*** Stored data ***

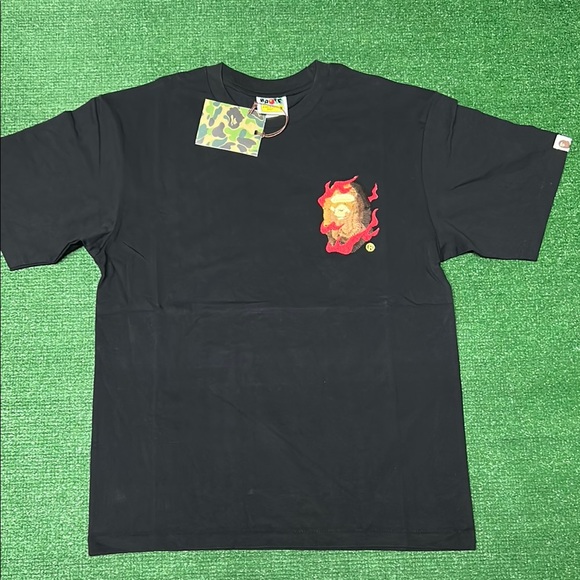 Bape Embroidered souvenir tee size M - Picture 2 of 4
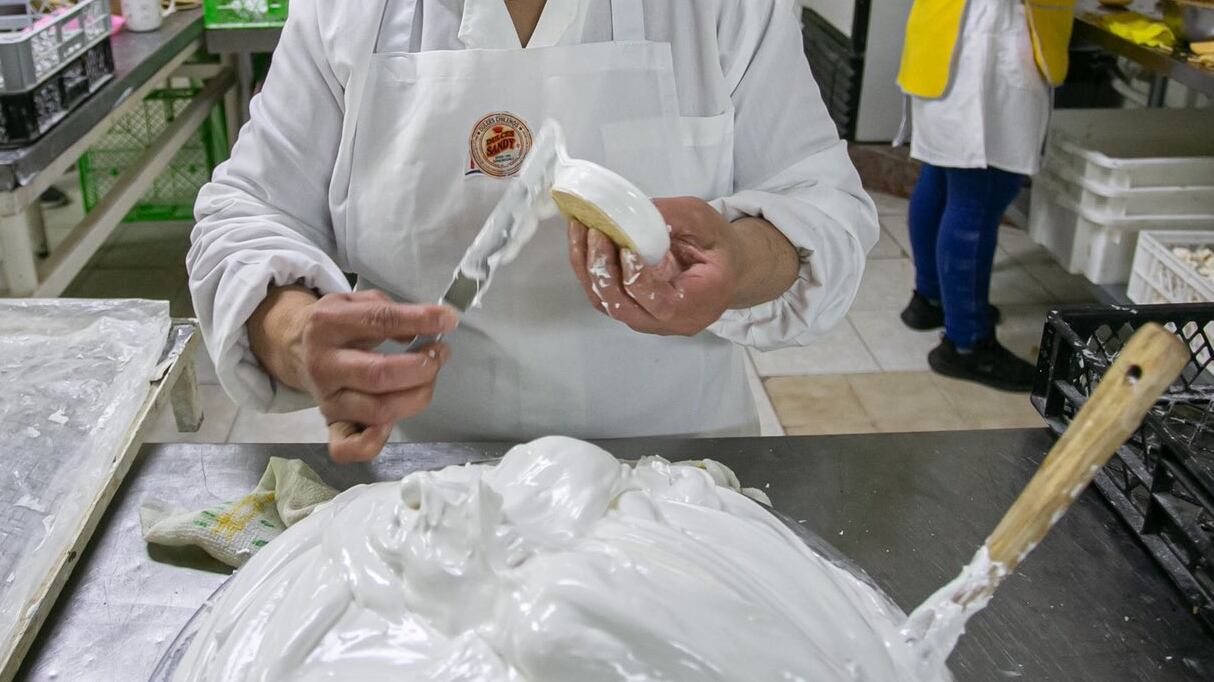 Este subsidio consiste en un pago que se entrega mensualmente a micro, pequeñas y medianas empresas, cooperativas, personas jurídicas sin fines de lucro (como fundaciones) y comunidades.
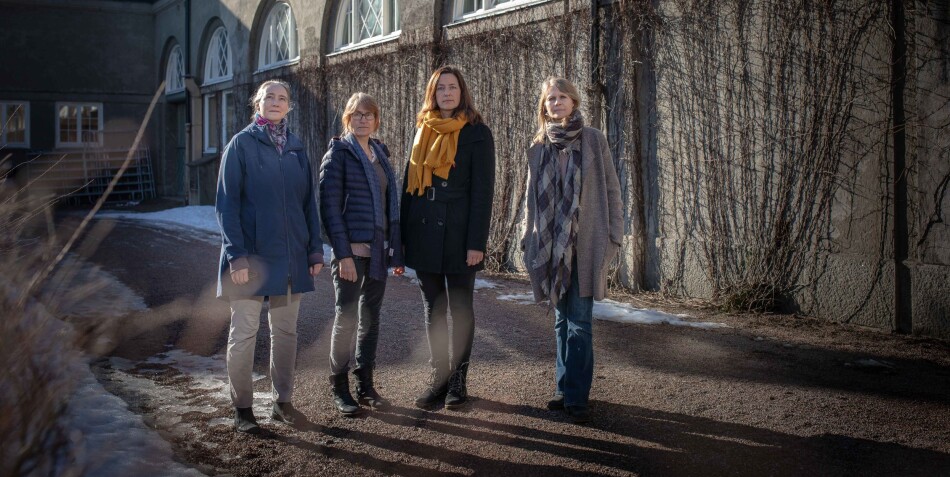 Bekymra tillitsvalgte på Veterinærhøgskolen: Elin Pålerud (Parat), Hege Brun-Hansen (Den norske veterinærforening), Caroline Piercey Åkesson (Forskerforbundet) og Trude Stallemo (NTL). Foto: Siri Øverland Eriksen Bekymra tillitsvalgte på Veterinærhøgskolen: Elin Pålerud (Parat), Hege Brun-Hansen (Den norske veterinærforening), Caroline Piercey Åkesson (Forskerforbundet) og Trude Stallemo (NTL). Foto: Siri Øverland Eriksen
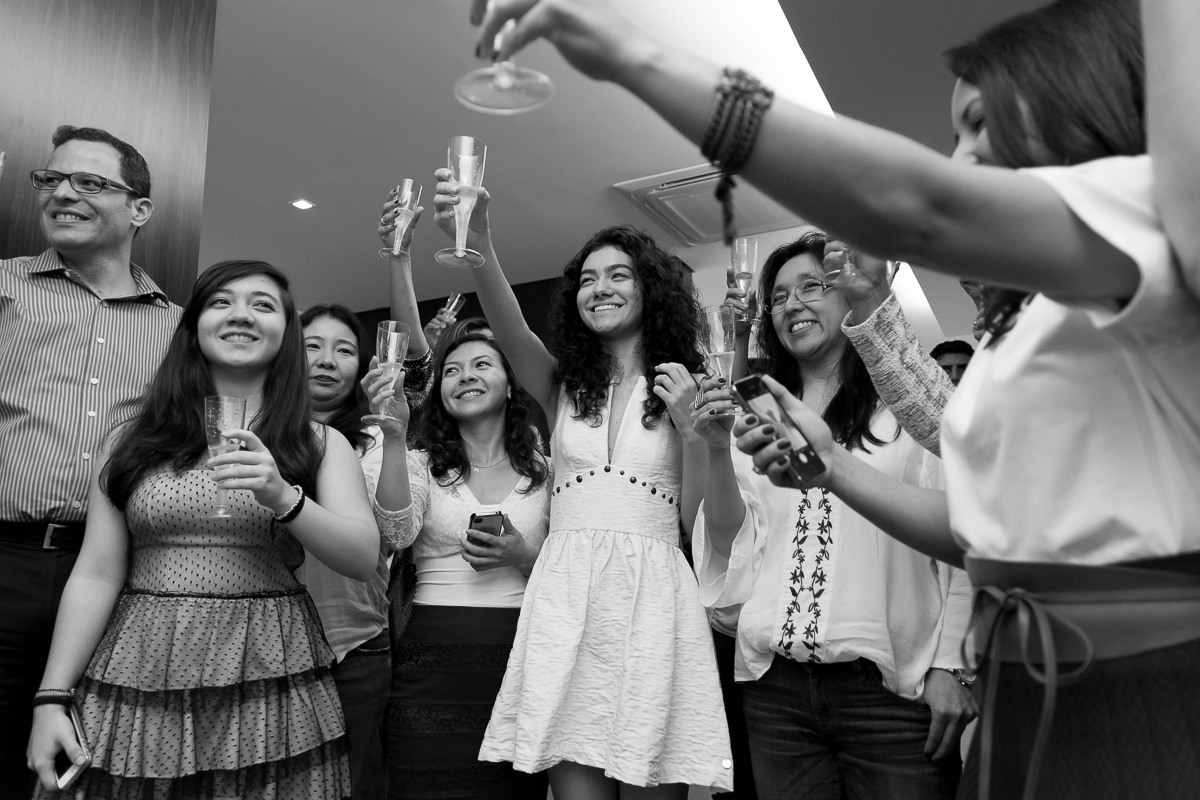 brinde aos noivos em são paulo alice casaes fotografia
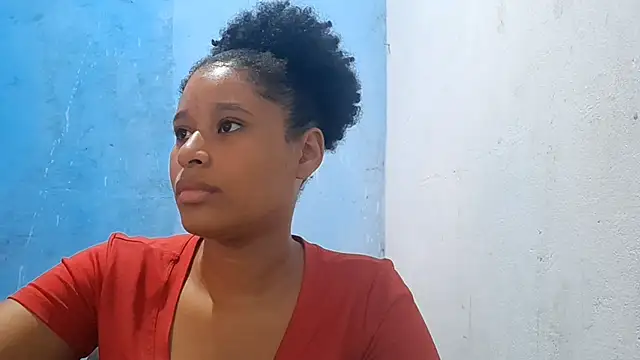 Chat XXX en directo de MadelynStamant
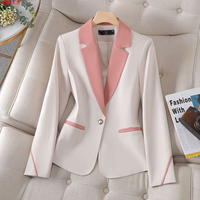 Blazer élégant sur mesure pour femmes grandes tailles avec bordure rose, veste respirante à un bouton et manches longues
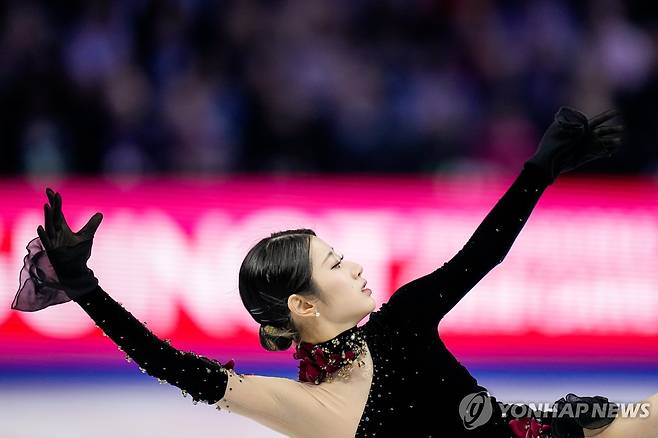 연기 펼치는 이해인 [AP=연합뉴스]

***

### What you are asked to do
All lines from the one with "Chat XXX en directo de MadelynStamant" through the end of the records above must be reproduced exactly, both ends included, and the pictures must be left out.

### Response below
 Chat XXX en directo de MadelynStamant
 Blazer élégant sur mesure pour femmes grandes tailles avec bordure rose, veste respirante à un bouton et manches longues
 연기 펼치는 이해인 [AP=연합뉴스]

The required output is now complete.